When is Apple going to get serious about pro users and stop fiddling around with iCrap?

I'm switching to Studio Vision.


----------



## Kareemo (Jan 21, 2015)

Thank god! Now it saves the fullscreenmode for videos loaded into Logic Pro X =o


----------



## dinerdog (Jan 21, 2015)

I seem to be downloading 4.4GB of additional (and updated) content. I thought something might be up when Logic Control updated today.


----------



## Craig Sharmat (Jan 21, 2015)

Can one update with Mavericks?


----------



## floydian05 (Jan 21, 2015)

I tested briefly the quantization and it didn't seem to make a difference at all. did you try it Mathazar or anyone else? 

The region automation works really nicely - great feature! 

I will test .xml to see if it works now because it won;t ever properly open an .xml file for me. 

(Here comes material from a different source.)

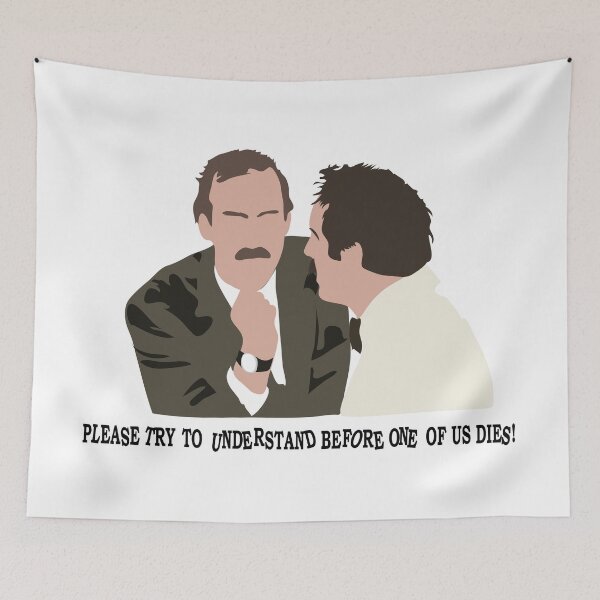 Item preview, Please try to understand before one of us dies! designed and sold by DesignByMH.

Apple is definitely continually improving this software. X has been rock solid for me - the most stable and best performing DAW out there I'd say. Now I'd just love to have the ability to inset plugins only on specific regions!


----------



## jleckie (Jan 21, 2015)

Nick Batzdorf @ Wed Jan 21 said:


> When is Apple going to get serious about pro users and stop fiddling around with iCrap?
> 
> I'm switching to Studio Vision.



Lol. Fruity loops for me baby!


----------



## autopilot (Jan 21, 2015)

It wants OSX 10.9.5 to upgrade. 

Guess it's time to say Yo Semite.


----------



## madbulk (Jan 21, 2015)

10.9.5 is Mavericks.


----------



## madbulk (Jan 21, 2015)

Upgrading with Mavericks appears to have worked for me, Craig.


----------



## gsilbers (Jan 21, 2015)

Neat! 

a few things i didnt see...

multiple CC automation parameters can be edited at the same time. 

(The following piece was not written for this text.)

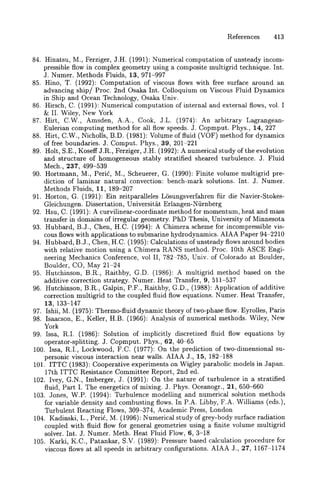 Numerics   cfd - ferziger & peric - computational methods for fluid dynamics (2002)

some way to bounce stems in an easier form.


----------



## Craig Sharmat (Jan 21, 2015)

Thanks Brian!


----------



## Craig Sharmat (Jan 21, 2015)

gsilbers @ Wed Jan 21 said:


> Neat!
> 
> a few things i didnt see...
> 
> ...



Great!

are you seeing the multiple Lanes like DP?


----------



## proxima (Jan 21, 2015)

Awesome. I was resigned to the lack of a plug-in manager (and just created user patches to compensate), but it's great to have it. I'm still working my way through some of the other new features. 

They added some interesting plug-in controls to the Logic Remote for iPad too; not a perfect interface, but it's way easier to try out than Lemur.


----------



## gsilbers (Jan 21, 2015)

Craig Sharmat @ Wed Jan 21 said:


> gsilbers @ Wed Jan 21 said:
> 
> 
> > Neat!
> ...



i think my post was not that clear. ...

I meant features I DID NOT see in the list that i was hoping for. :|


----------



## Craig Sharmat (Jan 21, 2015)

thanks for clarifying


----------



## Tatu (Jan 21, 2015)

Seems like a worthy update. Anyone tried the new brush tool yet? 

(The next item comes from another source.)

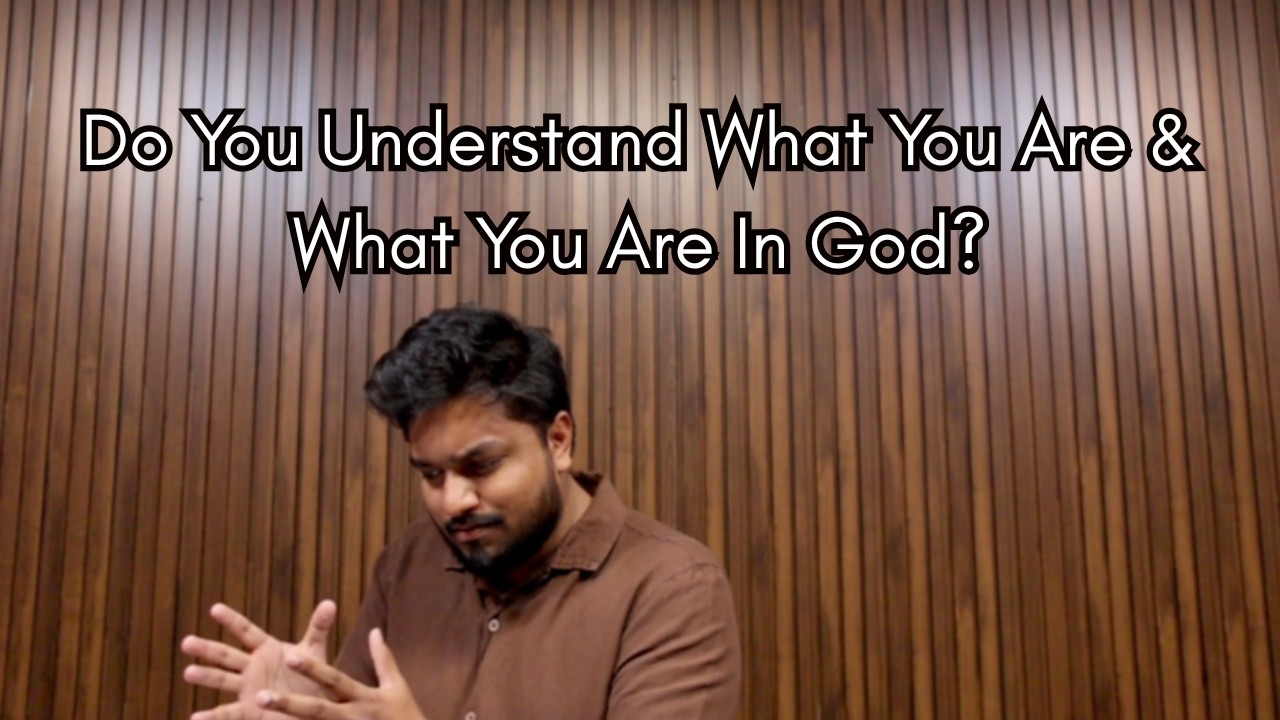 స్వీయ-అవగాహన | Being Self-Aware | Br Madhavan | Kingdom Priests Ministries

Damn I wish my day at work hadn't just started :evil:


----------



## PeterKorcek (Jan 21, 2015)

awesome, cant wait to download it, does anyone updated and uses Yosemite?


----------



## Tatu (Jan 21, 2015)

There's some nice pics (I like that new compressor UI) and info at http://www.apple.com/logic-pro/whats-new/


----------



## Christof (Jan 21, 2015)

PeterKorcek @ Thu 22 Jan said:


> awesome, cant wait to download it, does anyone updated and uses Yosemite?


Works great here on Yosemite


----------



## wlotz (Jan 22, 2015)

Tatu @ Thu Jan 22 said:


> There's some nice pics (I like that new compressor UI) and info at http://www.apple.com/logic-pro/whats-new/


+1


----------



## azeteg (Jan 22, 2015)

For those of you using (or wanting to use) the multiport environment for VEPro 5, Logic 10.1 uses larger MIDI event buffers for VEPro plugins, which takes care of dropped and hanging notes in large templates.


----------



## dgburns (Jan 22, 2015)

azeteg @ Thu Jan 22 said:


> For those of you using (or wanting to use) the multiport environment for VEPro 5, Logic 10.1 uses larger MIDI event buffers for VEPro plugins, which takes care of dropped and hanging notes in large templates.



Really good news.Any idea on what they bumped it up to.It used to be 127 if I remember correctly.

everything else aside,this is the real reson to upgrade imo.


----------



## azeteg (Jan 22, 2015)

dgburns @ Thu Jan 22 said:


> Really good news.Any idea on what they bumped it up to.It used to be 127 if I remember correctly.
> 
> everything else aside,this is the real reson to upgrade imo.



According to a quick test I made this morning, it can now handle 511 events.


----------



## Dryden.Chambers (Jan 22, 2015)

Had fun until 3 a.m. playing with the update and that was just the new drummer and drum programming mode. Would love to see a drum pattern mode for everything unless I missed it ?


----------



## Wunderhorn (Jan 22, 2015)

The time handles alone will save me a lot of time. Wonderful, you can grab a bunch of quarter notes and stretch them into triplets or whatever you want in no time.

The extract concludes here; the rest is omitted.